A Comissão de Ética se
reuniu emergencialmente no sábado e analisou as 12 folhas de denúncias da
funcionária cerimonialista da CBF.
Ascensão ao poder aos 46
anos
Vigésimo presidente da CBF,
Rogério Langanke Caboclo foi eleito em 2018, mas só assumiu em abril de 2019,
aos 46 anos. Filho de Carlos Caboclo, ex-dirigente do São Paulo, ele foi
diretor do clube do Morumbi e iniciou sua trajetória na política apadrinhado
por Marco Polo Del Nero, na Federação Paulista de Futebol. Advogado e
administrador, ele foi diretor executivo na entidade paulista.
Antes das denúncias o
atingirem em cheio subiu a escada na CBF depois de ser diretor financeiro de
Del Nero, eleito após José Maria Marin. Foi também diretor de relações
institucionais do Comitê Olímpico Local da Rio 2016.
O poder começou a ruir de
suas mãos quando chegou ao canal da Comissão de Ética da CBF na tarde de
sexta-feira e na Diretoria de Governança e Conformidade a denúncia da
funcionária. A reportagem do ge mostrava os abusos que teriam ocorrido contra a
cerimonialista, autora da denúncia, que detalhou episódios vividos por ela
desde abril do ano passado.
No documento, ela afirma ter
provas de todos os fatos narrados e pede que o dirigente seja investigado e
punido com o afastamento da entidade e, também, pela Justiça Estadual. Conta
sofrer constrangimentos em viagens e reuniões com o presidente e na presença de
diretores da CBF.
A denúncia que derrubou o
presidente
Na denúncia, a funcionária
detalha o dia em que o dirigente, após sucessivos comportamentos abusivos,
perguntou se ela se "masturbava". Entre outros episódios de extrema
gravidade, segundo a funcionária, Caboclo tentou forçá-la a comer um biscoito
de cachorro, chamando-a de "cadela".
Segundo relato da
funcionária, que tem oito anos de CBF, Caboclo fazia consumo de álcool durante
o expediente. Ela era obrigada a esconder garrafas no banheiro para que o
dirigente pudesse beber sem ser notado. Também cabia a ela recolher as garrafas
vazias. Em viagens, era orientada a pedir bebidas alcoólicas para ele nos
hotéis – mas marcar o consumo no quarto dela.

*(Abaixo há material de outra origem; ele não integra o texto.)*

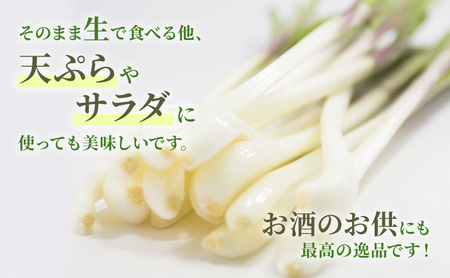静岡県浜松市産エシャレット 10束入り 約700g 箱入り エシャレット 国産 野菜 静岡 浜松市 【配送不可：北海道・沖縄・離島】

Ela detalha um caso ocorrido
no dia 9 de março de 2021, na casa do dirigente em São Paulo, onde auxiliava
Caboclo em reuniões presenciais e virtuais. Após um dia inteiro de consumo de
bebida alcoólica, o dirigente teria chamado a funcionária de "cadelinha",
e em seguida ofereceu biscoitos de cachorro para ela. Como a funcionária o
repreendeu, ele então passou a simular latidos.

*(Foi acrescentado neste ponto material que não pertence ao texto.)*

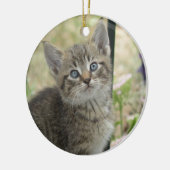 Kitten Ornament (Links)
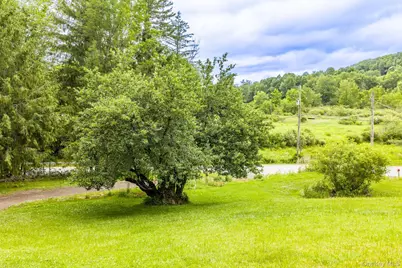 673 Hessinger and Lare Road, Jeffersonville, NY 12748 - Photo 42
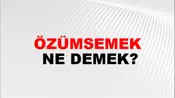 Özümsemek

A funcionária também afirma
que Caboclo tentou controlar seus relacionamentos dentro da CBF e pediu que ela
mudasse a maneira de se vestir – teria até oferecido dinheiro a ela para
comprar novas roupas. Após seguidos episódios, ela pediu licença por motivos de
saúde. O presidente da CBF, então, ofereceu um acordo a ela – em troca de
dinheiro, ela teria que negar a existência dos abusos e teria que mentir quando
fosse perguntada sobre o assunto. Ela recusou e fez a denúncia.
A crise da Copa América
Já faz quase dois meses que
a CBF estava em ebulição. Neste período, segundo diversas fontes – presidentes
de clubes e de federações estaduais, dirigentes da própria CBF e agentes
externos com acesso à cúpula da entidade – o comportamento de Rogério Caboclo
ficou ainda mais errático e agressivo.
Nas últimas semanas,
enquanto Caboclo lidava com seus próprios problemas, outra crise explodia no
futebol sul-americano. A Copa América, prevista para ser disputada na Colômbia
e na Argentina, ficou sem sede. A Colômbia não pôde garantir a segurança do
torneio por problemas políticos e sociais, e a Argentina desistiu ante o
agravamento da pandemia da Covid-19.
No dia 7 de junho,
segunda-feira, durante reunião de emergência do Conselho da Conmebol convocada
para resolver o que fazer com a Copa América, as duas crises se encontraram.
Com o apoio do presidente Jair Bolsonaro, Rogério Caboclo ofereceu o Brasil
para abrigar o torneio. Todas associações nacionais de futebol do continente
toparam. A Conmebol então anunciou em suas redes sociais: a Copa América será
no Brasil. Decisão que refletiu na Granja Comary.
Os atritos com o grupo e com
Tite
Ainda na Granja Comary, o
presidente da CBF, Rogério Caboclo, fez duas visitas à delegação da Seleção.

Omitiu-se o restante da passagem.